Giuliani told USA TODAY that it’s been “weeks” since Mueller’s team has been in contact the president’s attorneys, adding that there has been no further discussion about obtaining additional testimony from the president for about a month.
He said the extended period of “silence” has the president’s lawyers preparing for Mueller’s required notification to new Attorney General William Barr that the special counsel’s work has been completed.
“We expect something in the next two weeks,” Giuliani said.
He said the legal team has been preparing a report of its own that, depending on Mueller’s findings, may be made public.
“If (Mueller) clears the president, we walk away and say, ‘Thank you.’ If it is damaging, then we will respond,” he said.
A spokesman for the special counsel has declined to comment on the timing of the final report. On Thursday, spokesman Peter Carr also declined to describe the Mueller team’s interactions with the president’s lawyers.
The approaching end of the investigation has been anticipated for weeks, accelerating last month when then-acting Attorney General Matthew Whitaker said that the inquiry was “close to being completed.”
The statement by Whitaker, who had been overseeing the investigation since he was elevated to the temporary post in November, marked the first time anyone familiar with its inner workings had offered even a hint in public of its likely trajectory.
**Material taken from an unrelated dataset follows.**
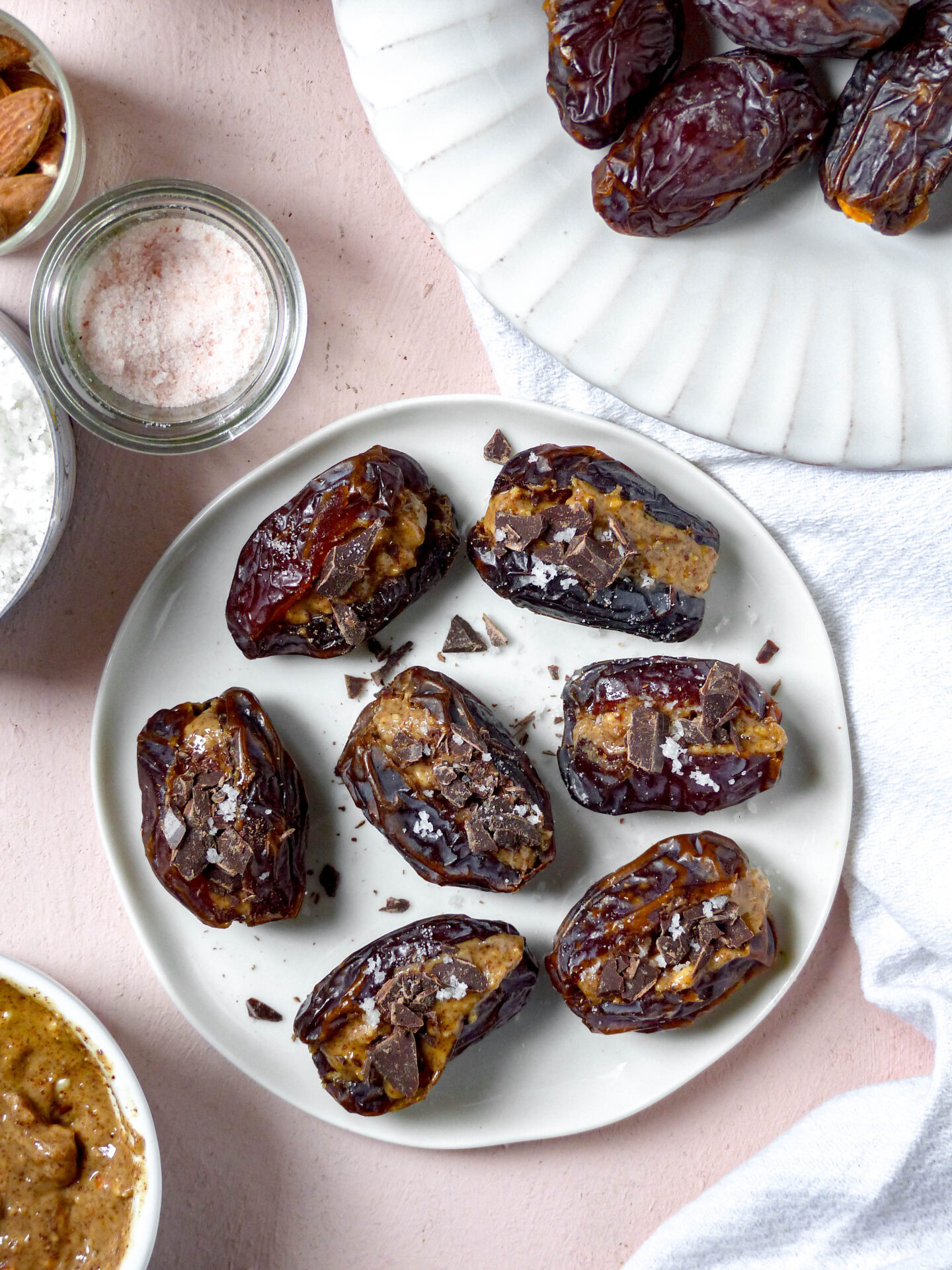 Medjool Datteln gefüllt mit Mandelbutter - Anna Lee EATS.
He did not elaborate.
With reports swirling Wednesday that Mueller’s report to Barr was expected within days, Trump said he would defer to his new attorney general on whether the report should be made public.
Trump told reporters that decision was “totally up to” Barr.
Justice officials declined to discuss the matter.
Justice Department rules require that Mueller submit a confidential report to the attorney general when his work is done.
According to the rules, the confidential report must explain why he filed the charges he did and why he might have declined to bring charges against others. It would then be up to the attorney general to provide a summary of the report to submit to Congress.
Barr, however, has cast doubt on what part of the document, if any, would be released to the public.
During his Senate confirmation hearing last month, Barr told lawmakers he couldn’t commit to releasing Mueller’s report in full. Neither was he clear on whether he would permit Mueller to testify to Congress about his work. He said he wanted to be transparent about Mueller’s findings but offered few details.
“Where judgments are to be made by me, I will make those judgments based solely on the law and department policy and will let no personal, political or other improper interests influence my decision,” Barr told the Senate panel.
More: William Barr sworn in as attorney general, takes charge of investigations of the president
More: Robert Mueller has spent two years investigating Trump, and he hasn’t said a word. It’s possible he never will.
While he believes that Trump remains “a subject” of Mueller’s investigation, Giuliani said he has “never been told” that the president is a target of the inquiry.
Trump provided written responses to questions from Mueller’s team, but Giuliani believes that exchange is over.
“We are not going to consider any more questions,” Giuliani said. “There is no subject that they (investigators) don’t now have a complete picture of.”